Life in Art

I have just finished Kerstin Ekman´s latest novel "Grand final i skojarbranschen" (= grand final in the swindling business, not easy to translate that one...). It´s in the genre of autofiction, a fictionalized autobiography, where Ekman separates her two selves (as she seems to percieve them): the Author and the Writer.

The Author is Lillemor Troj (this is a play with Kerstin Ekman´s own name, she was born Kerstin Lillemor Hjorth, and it´s a bit of a bonus that Troj makes you think of a trojan horse, isn´t it?), a beautiful, blond, blue-eyed, photogenic, well-dressed young woman, who gets engaged to be the front figure for Writer Barbro/Babba Andersson, a woman only described as being "shapeless". She writes herself a body of words, she says somewhere in the book. And the body that the audience sees is Lillemor Troj´s. But Lillemor isn´t all passive in the writing of the books. She often provides the material for the stories and she types and corrects the language, and structures the stories. She is the Good Girl, the one with the good grades at school, the one who knows how everything should be, the disciplined and hard working one. She understands about the world and lives in it, while Babba is only interested in escaping the world and writing her stories, an almost entirely intuitive and physical process that does not seem to require much thought.

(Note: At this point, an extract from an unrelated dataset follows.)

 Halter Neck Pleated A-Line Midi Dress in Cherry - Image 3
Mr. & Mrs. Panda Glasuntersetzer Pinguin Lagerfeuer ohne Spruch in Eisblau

The twosome make a prolific partnership, but not without it´s crises. At different times they both try to get away from the other. How it all develops I shall not give away, it would spoil your pleasure. 

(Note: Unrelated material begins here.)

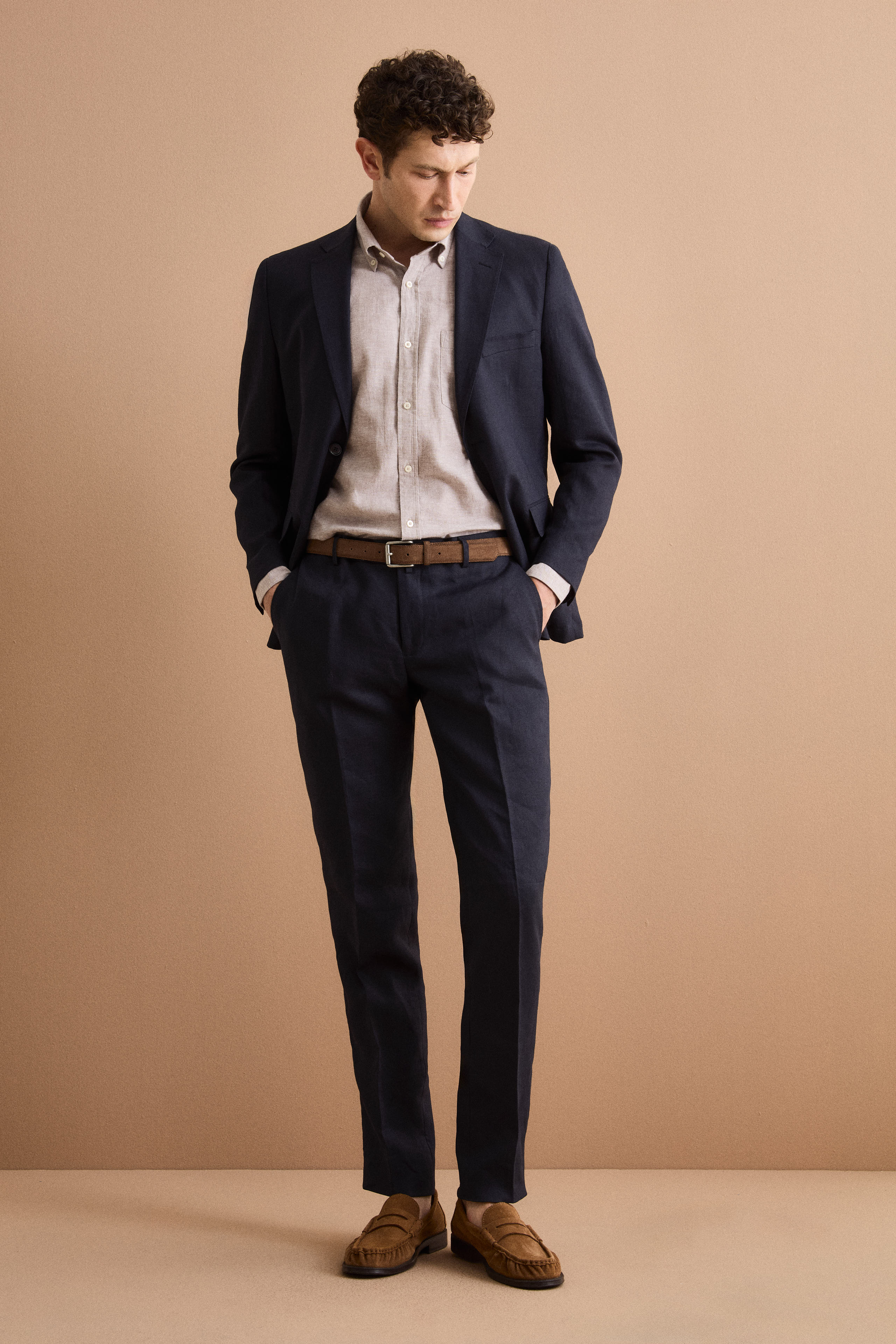 Abito Monopetto Comfort Fit in Puro Lino - NAVY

This is brilliantly written, and I have read reviews where she is very favourably compared to other authors in the autofiction genre. Someone wrote that she makes Knausgård (the genre´s meteor star of the last year in Scandinavian literature) look like an amateur. I can´t tell if that is right, I haven´t read Knausgård. Or any other autofiction, as far as I know. Ekman´s novel is full of clever metafores about the art of writing, and about the creative process in general, I think. And I imagine that it´s a rather frank autobiography. Life serving art, though, not the other way around.

Any English readers wanting to make Kerstin Ekman´s acquaintance should try "Blackwater". Highly recommendable.